“The Garden You Called Eden” by Julie Pratt

“The Garden You Called Eden”

By Julie Pratt

You return to me across a chasm in time since
we last sat in your kitchen, curtains quivering in
the warm breeze, my skin damp from cutting grass
with your old hand mower, the scent of peonies
you picked that morning and of toasted cheese
sandwiches and sliced ripe pears.

Remember? you whisper, and I do — the garden
you called Eden, consuming your small backyard,
and the magnolia you planted the year I was born,
your first granddaughter, delighted each spring
when the tree touted its pink blossoms
with petals the size of a child’s hand.

I conjure the coooo-woo-woo-woo of the
mourning doves you drew to your stoop with
millet and corn. Nature was your pleasure and duty
more than it was your dominion. You revered all
living things, each one laced into the whole as
perfectly as the scarves you crocheted.

I remember the day you cleared the cans
of Black Flag from your shed after learning
about DDT and the dead birds. You said it was up
to my generation to save the earth —
a tall order and one we have blundered,
leaving a legacy of fire and flood.

I long for one more lunch at your kitchen table.
I’d ask what you think would have happened
if a woman had written Genesis. Would the fruits
of knowledge be a blessing and leaving Eden
a rite of passage? What if the only true offense is
not using our wisdom in service to the world?

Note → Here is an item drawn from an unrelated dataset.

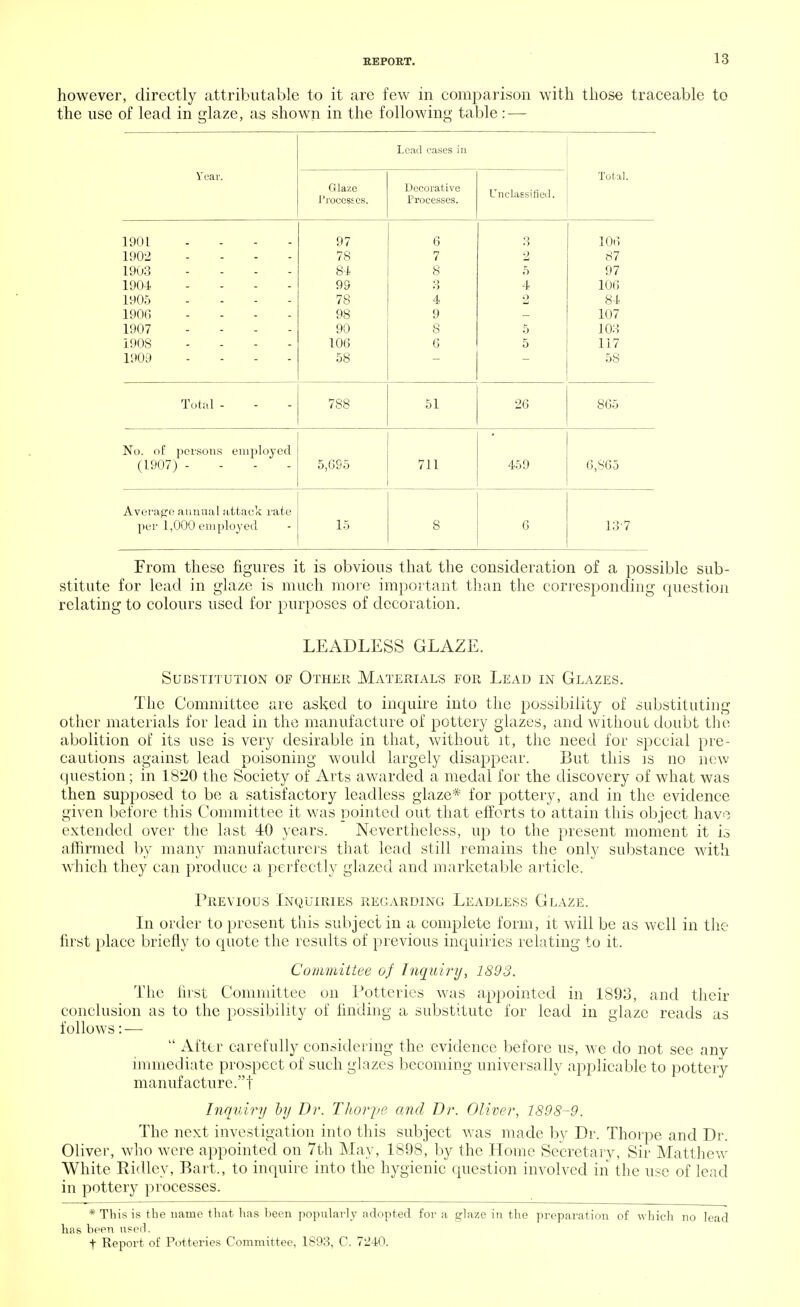 however, directly attributable to it are few in comparison with those traceable to the use of lead in glaze, as shown in the following table: — Lead cases in Year. Glaze Processes. Decorative Processes. Unclassified. Total. 190L - 1902 .... 1903 .... 1904 .... 1905 ... - 1906 .... 1907 .... 1908 .... ±^uy - - - - 97 78 84 99 78 98 90 106 58 6 7 8 o •> 4 9 8 6 3 2 5 4 2 5 5 106 87 97 106 84 107 103 117 Total - 788 51 26 865 No. of persons employed (1907) --- - 5,695 711 459 6,865 Average annual attack rate per 1,000 employed 15 8 6 13 7 From these figures it is obvious that the consideration of a possible sub- stitute for lead in glaze is much more important than the corresponding question relating to colours used for purposes of decoration. LEADLESS GLAZE. Substitution of Other Materials for Lead in Glazes. The Committee are asked to inquire into the possibility of substituting other materials for lead in the manufacture of pottery glazes, and without doubt the abolition of its use is very desirable in that, without it, the need for special pre- cautions against lead poisoning would largely disappear. But this is no new question; in 1820 the Society of Arts awarded a medal for the discovery of what was then supposed to be a satisfactory headless glaze* for pottery, and in the evidence given before this Committee it was pointed out that efforts to attain this object have extended over the last 40 years. Nevertheless, up to the present moment it is affirmed by many manufacturers that lead still remains the only substance with which they can produce a perfectly glazed and marketable article. Previous Inquiries regarding Leadless Glaze. In order to present this subject in a complete form, it will be as well in the first place briefly to quote the results of previous inquiries relating to it. Committee of Inquiry, 1893. The first Committee on Potteries was appointed in 1893, and their conclusion as to the possibility of finding a substitute for lead in glaze reads as follows: —  After carefully considering the evidence before us, we do not see any immediate prospect of such glazes becoming universally applicable to pottery manufacture.t Inquiry by Dr. Thorjje and Dr. Oliver, 1898-9. The next investigation into this subject was made by Dr. Thorpe and Dr. Oliver, who were appointed on 7th May, 1898, by the Home Secretary, Sir Matthew White Ridley, Bart,, to inquire into the hygienic question involved in the use of lead in pottery processes. * This is the name that has been popularly adopted for a glaze in the preparation of which no lead has been used. t Report of Potteries Committee, 1893, C. 7240.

Julie Pratt is a poet inspired by nature and by people working to change themselves and the world for the better. She worked for many years as a facilitator and writer for nonprofit organizations. Later in life, she earned an MFA in creative writing from the University of Southern Maine. Her poems have appeared in Passager, Persimmon Tree and ONE ART: a journal of poetry. She lives with her partner in Charleston, West Virginia.